Planning on uploading those festive water-skiing pictures to MySpace, or that “funny one” with you skateboarding while balancing a latte on your head to Facebook?
Go for it –just make sure that you aren’t trying to win a personal injury suit at the same time; one that claims you can’t do the things your MySpace and Facebook pages show otherwise.
At least, that’s one bit of wisdom the plaintiff in Romano v. Steelcase, Inc., 2010 WL 3703242 (N.Y. Sup. Ct. Sept. 21, 2010) can glean, now that the courts have ruled she must grant the defendant access to her social media files.
At issue are photographs that were previously published by the plaintiff on her Facebook and MySpace pages, which the defense claims are full-color, digital proof that her injuries aren’t…injurious.
The plaintiff argued that granting the defendant access to her social media accounts would be an invasion of privacy.
The defense countered by saying it tried – and failed – to obtain the evidence through deposition. The court ultimately agreed with that argument, stating that the photos in question were “contrary to [the plaintiff’s] claims and deposition testimony,” and that “there is a reasonable likelihood that the private portions of [the plaintiff’s] sites may contain further evidence … which are material and relevant to the defense of this action.”
The court’s ruling has captured attention far outside the personal injury litigation space, since it goes to the heart of a controversy that is certain to get bigger (and probably more litigious) before it’s resolved: social media privacy rights.
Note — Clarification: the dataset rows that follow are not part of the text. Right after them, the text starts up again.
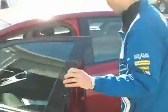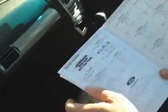Now, I'm just going to show you the books here. Obviously it's 38,000 kilometres, full service history, all the stamps there.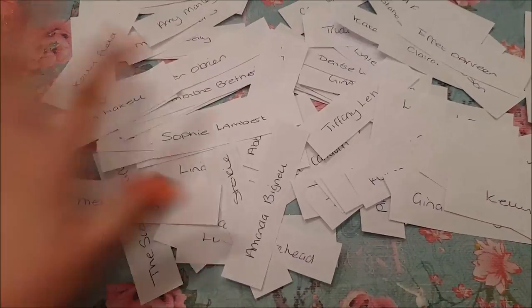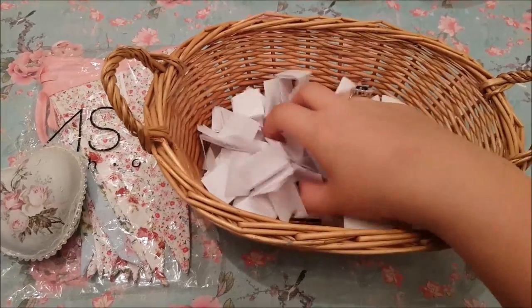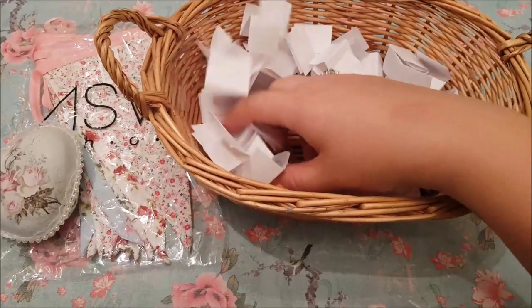So we're just going to fold up all of the entries now and draw the winner. All the entries are here in this little basket — I've folded them all up, so I'm just going to give them a mix around and pick a winner out.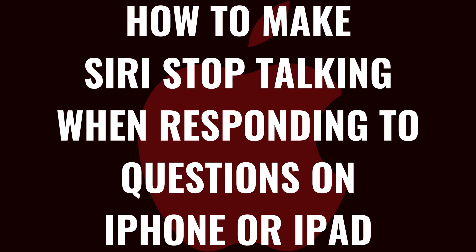Now let's walk through the steps to make Siri stop talking when responding to questions on your iPhone or iPad.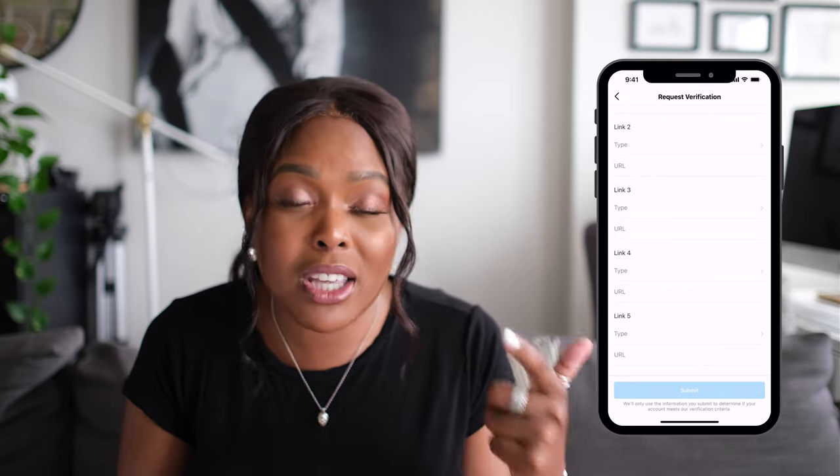So guys, that is it — a quick tips video on how to get verified on Instagram using the new methods that have just been released in 2021. If you like this video, give us a thumbs up, hit subscribe below and hit the notification bell so you don't miss any other videos from us. Let us know if you run through this process in the comments below and let us know if it worked for you. Obviously not everybody can get verified immediately — it might take some time — but using these tips to build your presence online and leveraging earned media is going to be so, so key in helping you get verified on this platform.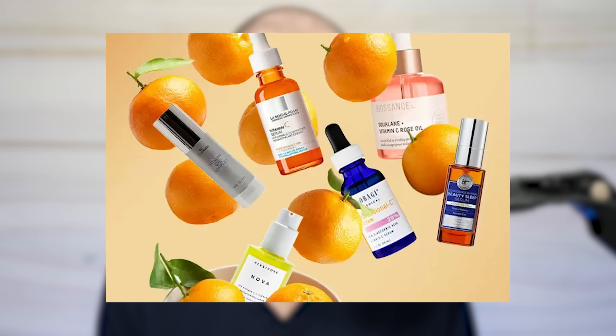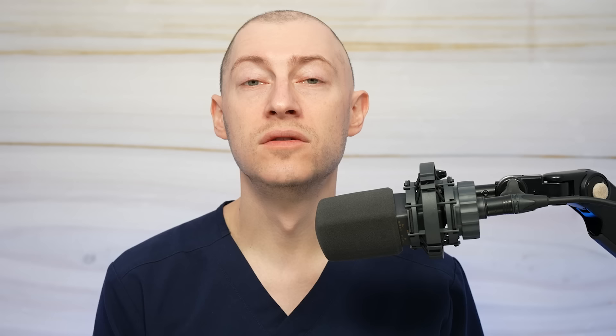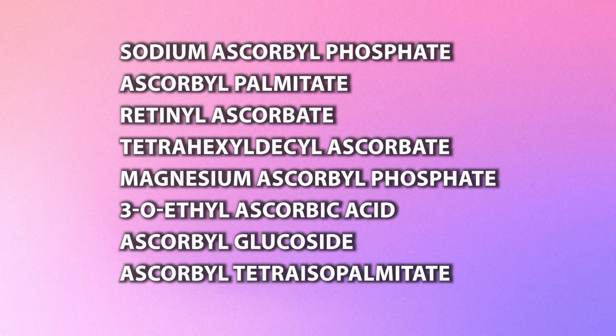Many vitamin C products contain derivatives that are more stable, but it isn't clear how well they always convert into the more active form. Derivatives can still work, but they're usually not the most effective compared to the active form of vitamin C — they're more stable compounds, but typically less effective. Here is a list of some commonly used derivatives, and you can see popular formulations from The Ordinary and Olay using some of these derivatives in their products.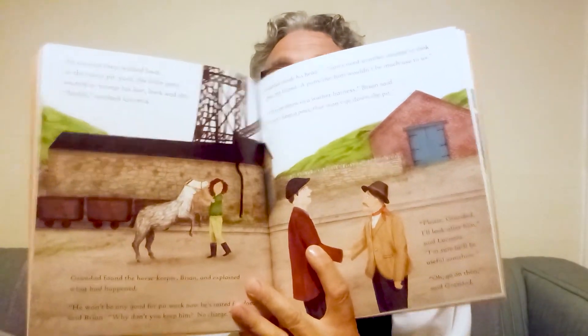As soon as they walked back to the noisy pit yard, the little pony started to stamp his feet, buck, and shy. 'Shh,' soothed Lucretia. Grandad found the horse keeper Brian and explained what had happened. 'He won't be any good for pit work now — he's tasted freedom,' said Brian. 'Why don't you keep him? No charge.' Grandad shook his head: 'I don't need another animal to look after. A pony like him wouldn't be much use to us.' 'I'll even throw in a leather harness,' Brian said. 'I can't keep a pony that won't go down the pit.' 'Please Grandad, I'll look after him,' said Lucretia. 'I'm sure he'll be useful somehow.' 'Oh, go on then,' said Grandad.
To that point, the court stated that the plaintiff’s privacy rights were “outweighed by Defendant’s need for the information.” And to underline the point and send a message that would be heard ‘round the country, the court added:
“Thus, when Plaintiff created her Facebook and MySpace accounts, she consented to the fact that her personal information would be shared with others, notwithstanding her privacy settings. Indeed, that is the very nature and purpose of these social networking sites else they would cease to exist. Since Plaintiff knew that her information may become publicly available, she cannot now claim that she had a reasonable expectation of privacy. As recently set forth by commentators regarding privacy and social networking sites, given the millions of users, “[i]n this environment, privacy is no longer grounded in reasonable expectations, but rather in some theoretical protocol better known as wishful thinking.”